From the looks of it, the application broke at 580 transactions per second. In this example, a bottleneck was detected in real-time and the stress test was stopped, in the process saving resource time and associated expenses.
- Response Time vs Throughput
Using the following graph, we were able to define a volume level at which the system broke down, and also supported the volume of load, the system’s capacity and responsiveness. The Overall Throughput was going up to 599 UT/s with 4,000 users until the system broke down at 14:44. The Transaction 90% Percentile Response Time was within 1 sec for successful transactions until the breakpoint, then increased up to 18 sec. The Overall Response times went up to 3 min at the end.
The Throughput of Successful transactions was 460.53 UT/s with 90% Percentile Response Time of 1sec during a 10 minute interval, prior to the time when the system broke down, which allowed it to reach 1,657,908 user sessions per hour.
- Server-side statistics
Working collaboratively with the client’s team, we requested for monitoring of key server stats during testing. Typical metrics we need to monitor include:
o CPU utilization, CPU context switches,
o Memory consumption, amount of free memory, heap memory/GC,
o Page/Swap file utilisation,
o Disk Usage, Disk time, amount of free disk space,
o Network Bandwidth Utilisation,
o Any Load Balancing stats available (if clustering used),
o If applicable, DB statistics, such as the longest, most frequently executed queries, timed events, latencies, throughput, hit ratio, memory and activity, error metrics, and analyse effectiveness of queries, DB lock contention, I/O Latency, time working vs time waiting, etc,
o Application server statistics, such as the slowest and most frequently called methods.

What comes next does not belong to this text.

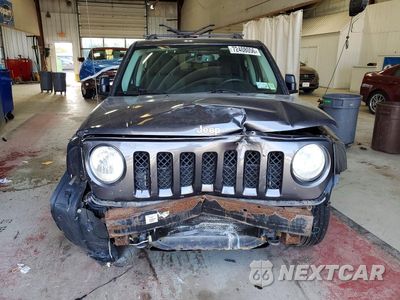 Piąte zdjęcie samochodu w środku: 2016 JEEP PATRIOT SPORT VIN:1C4NJPBA2GD687860 - miniatura
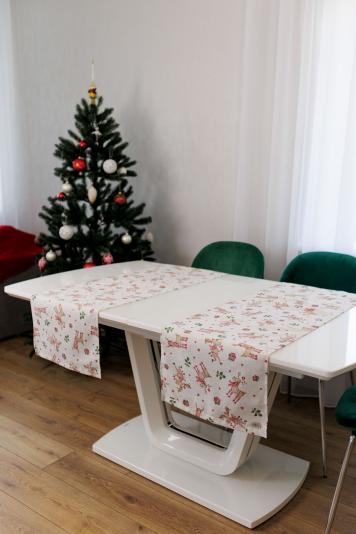 Дорожка для стола  Олени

Having server statistics provided, we examine it to see whether any metric correlates with the observed capacity, scalability, and response time behaviour. Using real-time results and being assisted with DevOps, we identify problems quickly during the test. Once we see a problem, we need to find the cause. This is where the server and network key performance indicators really come into play.

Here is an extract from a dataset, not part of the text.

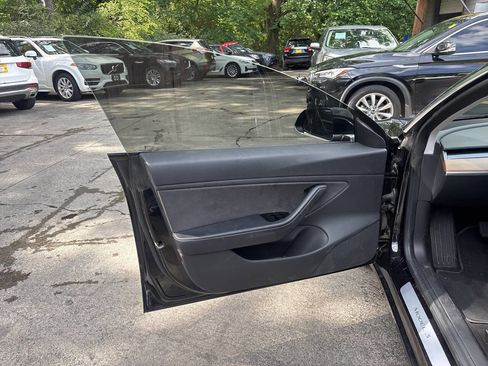 Used 2018 Tesla Model 3 Long Range AWD/4WD image 9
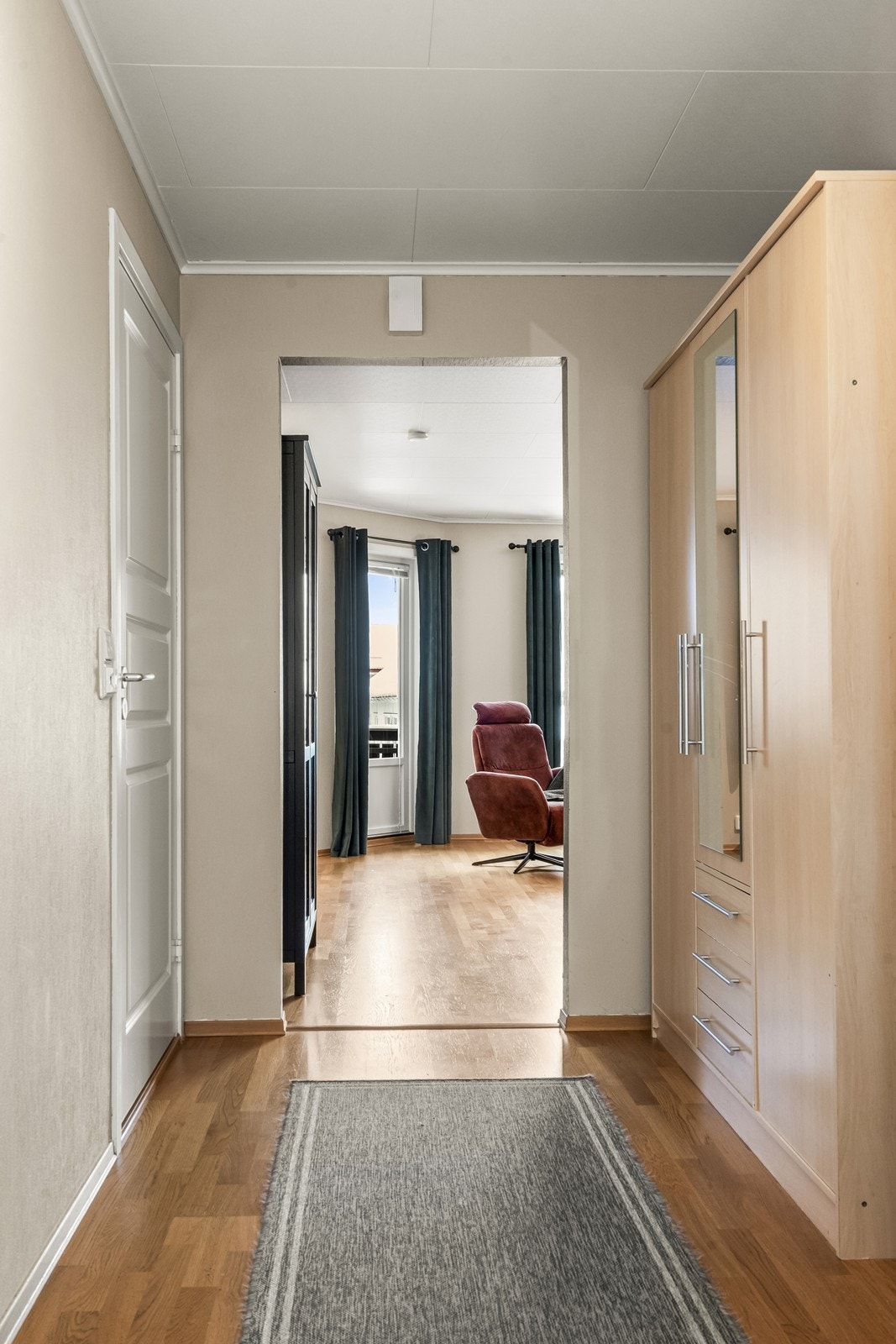 Fra entreen ledes du videre inn mot leilighetens sosiale sone. Galleribilde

- The Transaction Metrics Overview reveals the slowest, most frequently called, failing transactions in real-time.
- The Request Metrics Overview helps drill down to requests, which might be a potential culprit of performance degradation.

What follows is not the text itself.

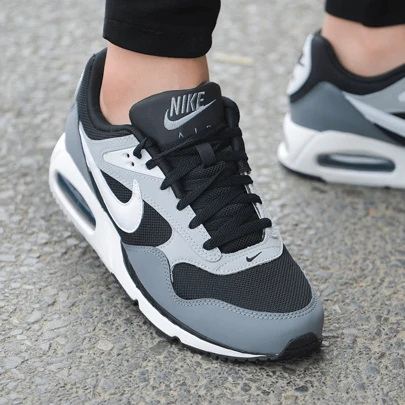 Nike 男式 MAX Correlate 缓震休闲运动跑步鞋，款式：511416-011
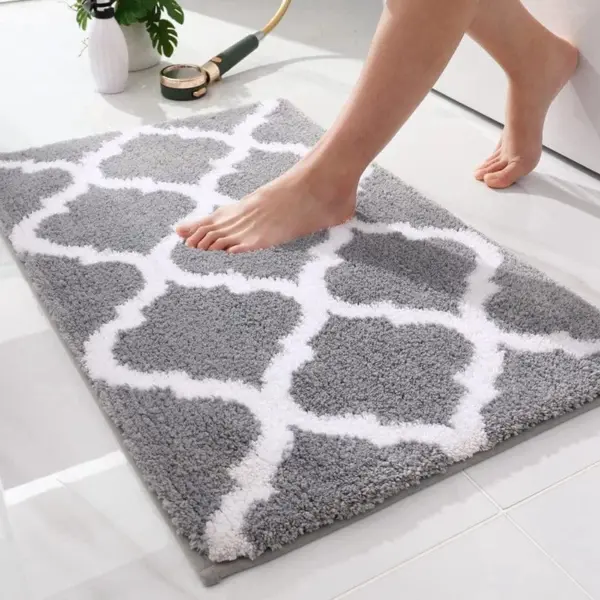 Meusch Badteppich grau-weiß mit geometrischem Muster, weich und absorbierend im Badezimmer.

- Throughput, Response Time and Error rate for an individual transaction and a request:
- Key metrics for an each time interval or a load volume
For a stress test, the steady-increasing load profile, simulates increasing a number of users throughout the load test run each 10 minutes until the system becomes saturated or begins to perform unacceptably. In this case, it is worth checking out metrics for each 10 minute interval rather than overall metrics to understand a supported load volume, which the system can handle, and with which level of quality and performance. The performance monitoring tool allows us to calculate and display metrics for specific time intervals and output a table with key metrics for each time period.
When a test is complete, we also supplement the final report with the information from the JMeter Dashboard report to provide customers with comprehensive analysis of the data.
This approach has already proved to be valuable for some our clients, which has allowed them to promptly react and eliminate performance issues in an effective way.